*EXERCISE DIRECTIONS*:
Nothing but the lines from the one including "Groźny pożar zniszczył" through the last line of the entries, restated exactly, should appear in the answer; omit the pictures.

*DATA UNDER STUDY*:
┌────────

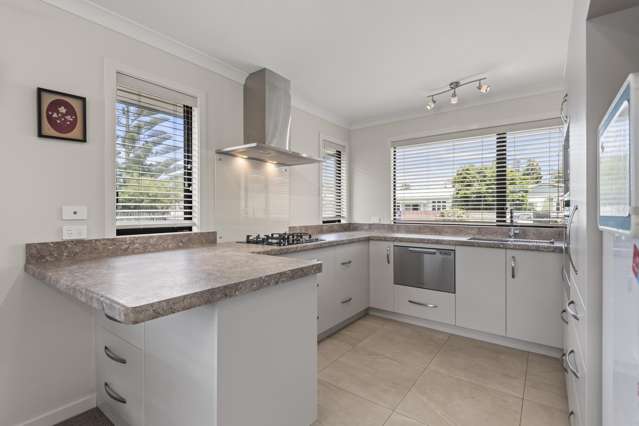 39 Shamrock Street Takaro_1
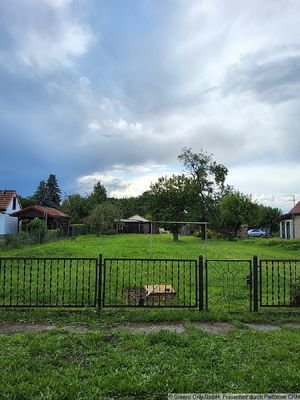 Blick nach Westen- Straßenfront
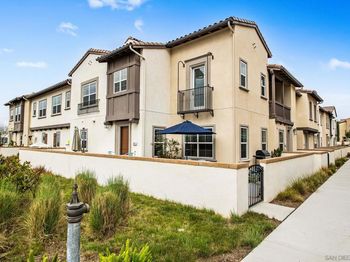 815 Blackstone Dr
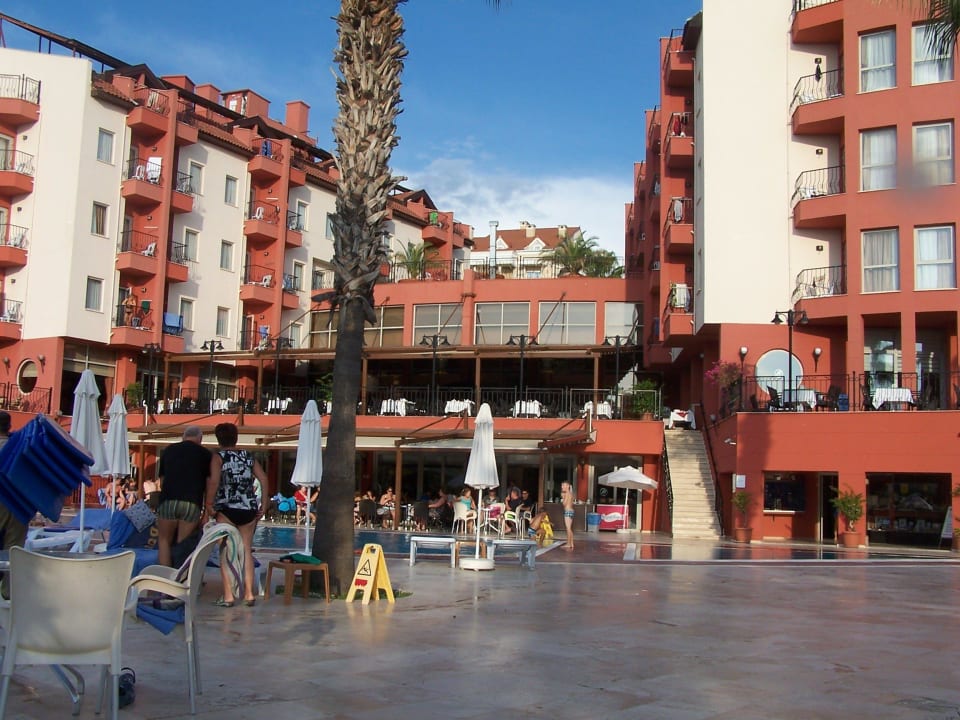 Poollbar mir Blick zum Hotel Royal Atlantis Beach Hotel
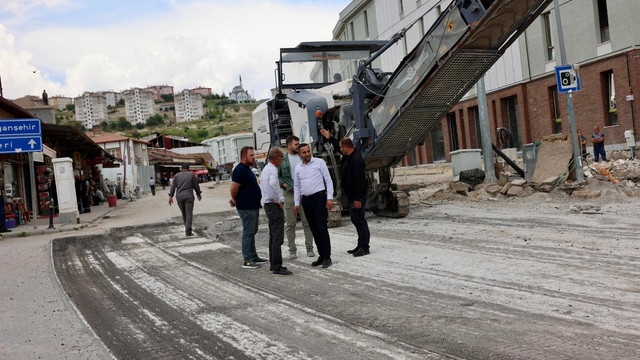 Emlak Konut Akçadağ'ın yeniden inşasında altyapı ve üstyapı çalışmalarını sürdürüyor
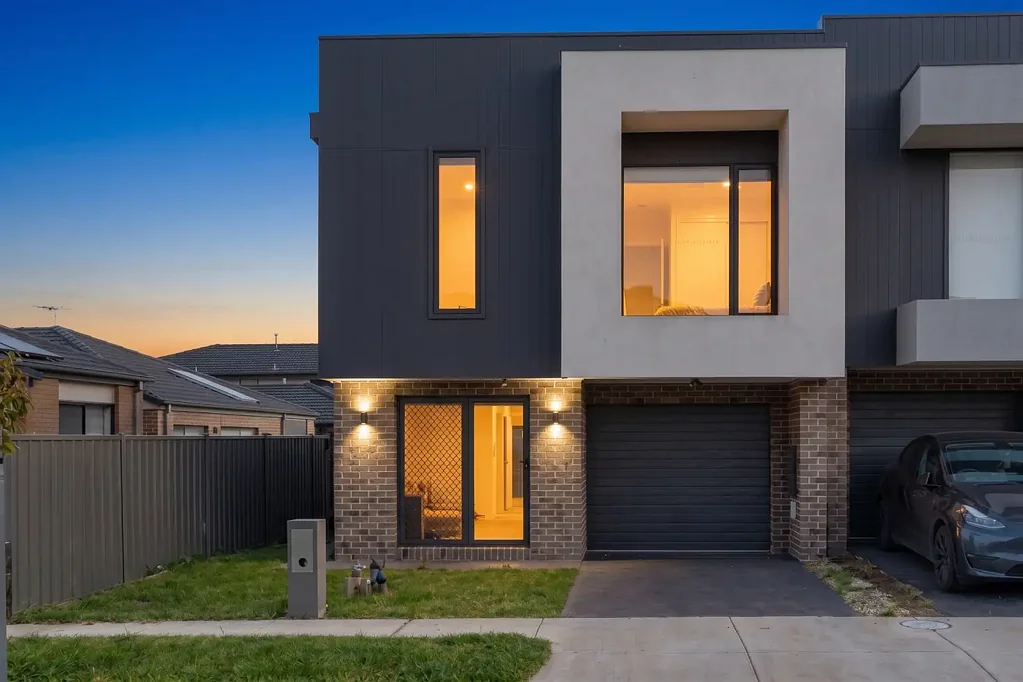 Truganina 3Habitaciones Modern Townhouse Living in a Thriving Truganina Location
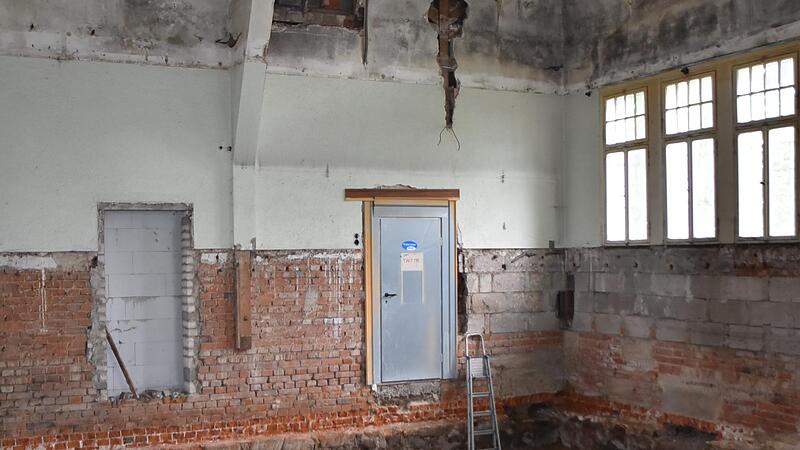 Im Moment ist die „Alte Turnhalle“ noch ohne Fußboden, das soll sich schon bald ändern.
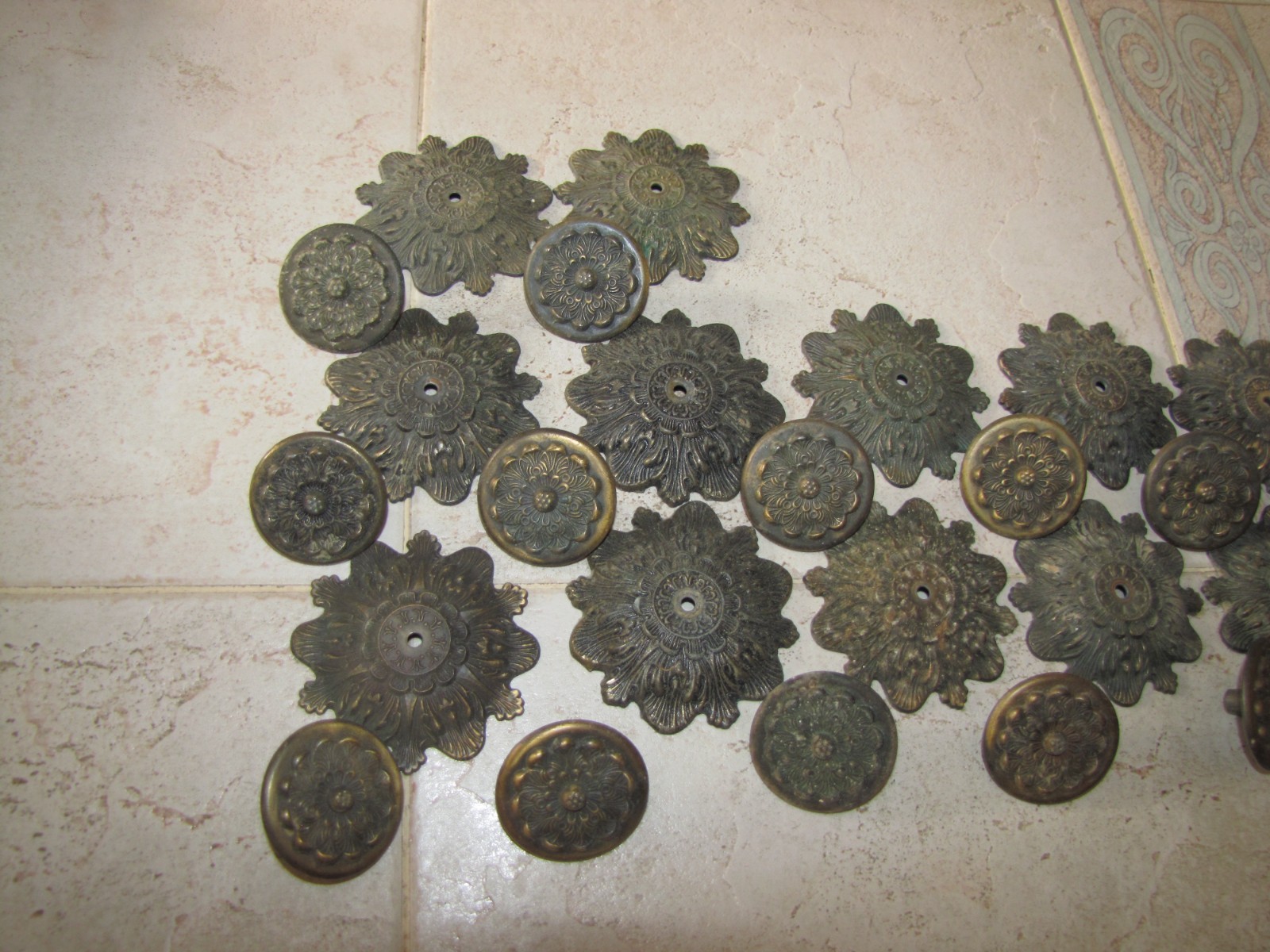 Vintage Ornate Brass Drawer Pull Knobs w/ Back Plate 3″ – Set of 14 JAPAN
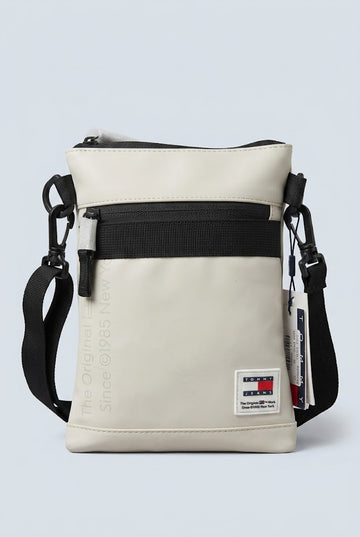 Tommy Hilfiger Bag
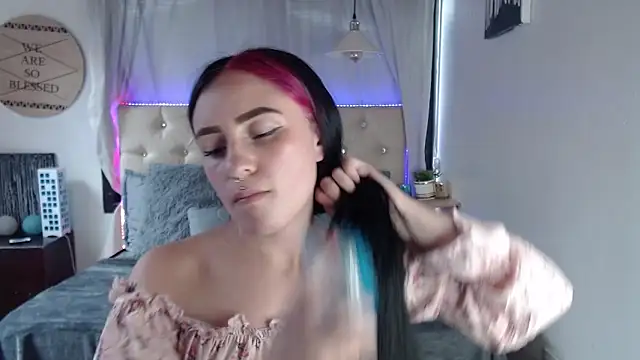 Snapshot of melodygirl__ chatting on March 12, 7:36 pm melodygirl online show from March 12, 7:36 pm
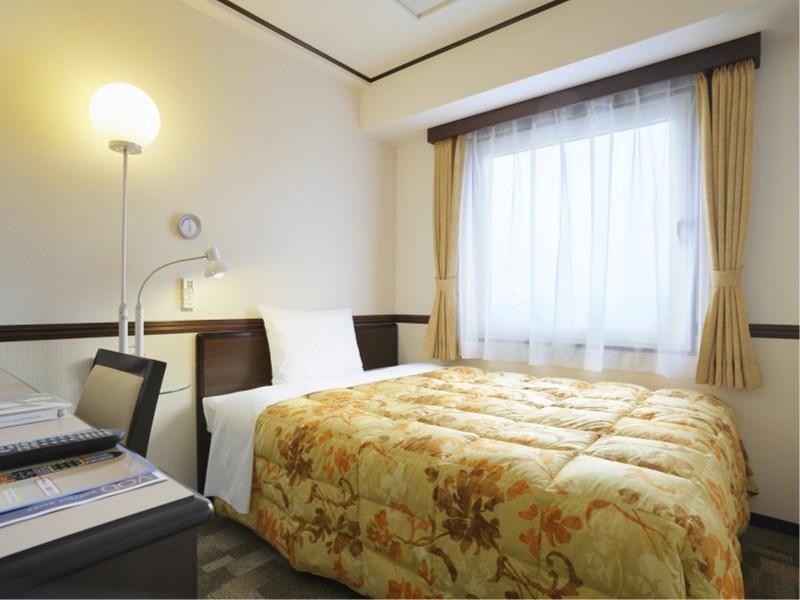 Toyoko Inn Toyama-Eki Shinkansen-Guchi No.2 Dış mekan fotoğraf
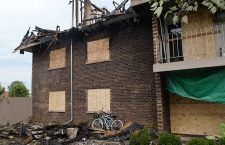 Groźny pożar zniszczył trzy budynki kompleksu apartamentowego w Prospect Heights (15)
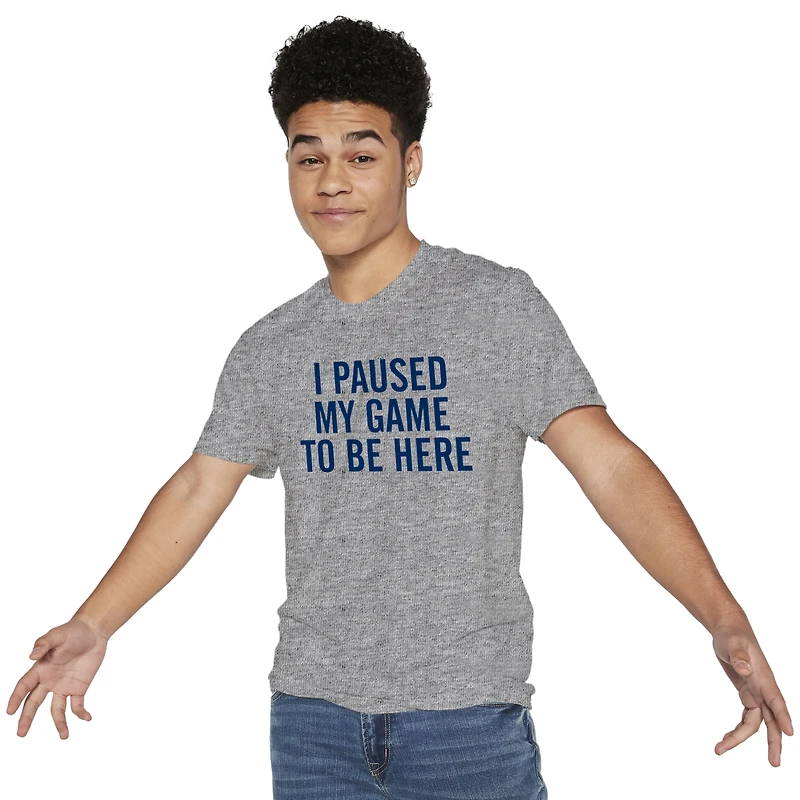 I paused my game to be here' graphic tee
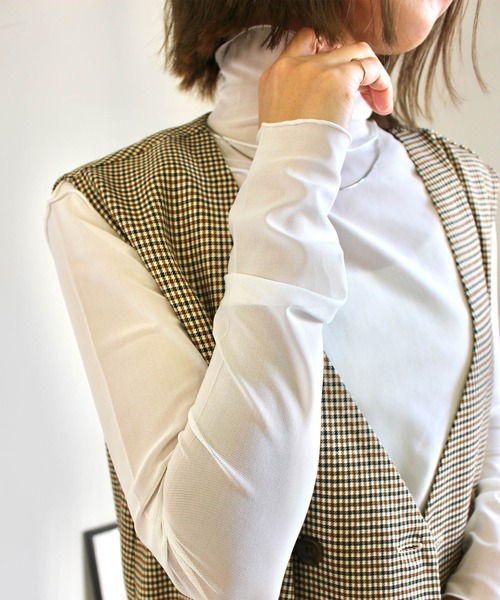 MLI'A（エムリア）の「チュールシアー／長袖トップス（Tシャツ/カットソー・レディース・オフホワイト/グリーン/イエロー/サックスブルー/ブラック/パープル系1/グリーン系/その他4・M）」の9枚目の写真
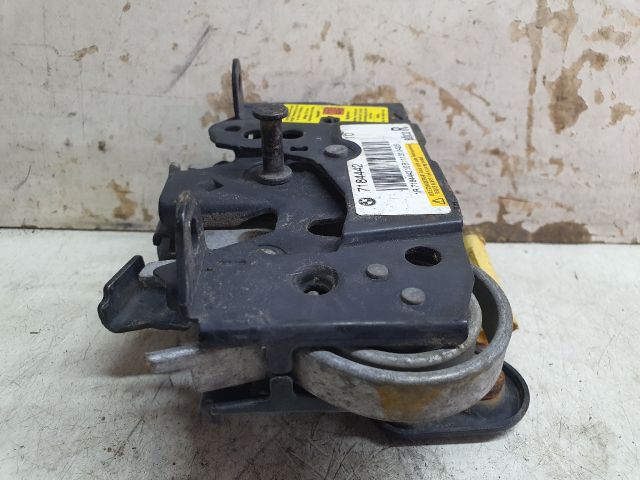 bontott BMW 5 F10 Jobb Motorháztető Zárszerkezet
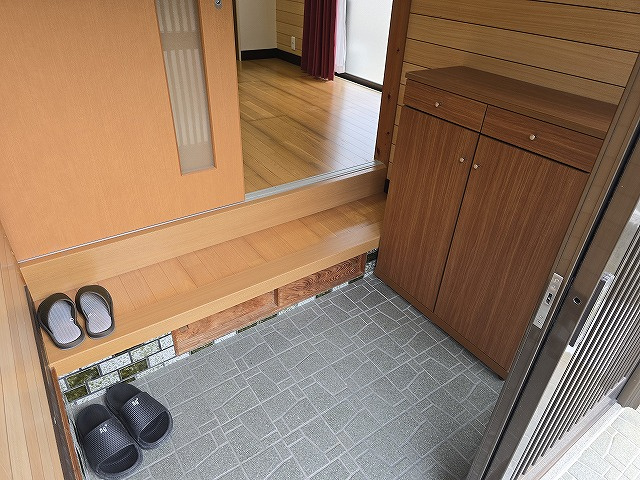 旭天神町　中古戸建の玄関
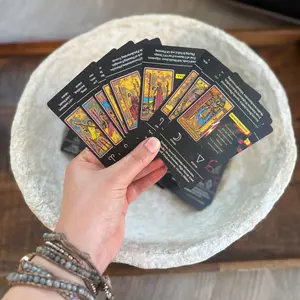 Tarot with Keywords – Beginner Friendly Black Tarot Deck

└────────

*TASK RESULT*:
 Groźny pożar zniszczył trzy budynki kompleksu apartamentowego w Prospect Heights (15)
 I paused my game to be here' graphic tee
 MLI'A（エムリア）の「チュールシアー／長袖トップス（Tシャツ/カットソー・レディース・オフホワイト/グリーン/イエロー/サックスブルー/ブラック/パープル系1/グリーン系/その他4・M）」の9枚目の写真
 bontott BMW 5 F10 Jobb Motorháztető Zárszerkezet
 旭天神町　中古戸建の玄関
 Tarot with Keywords – Beginner Friendly Black Tarot Deck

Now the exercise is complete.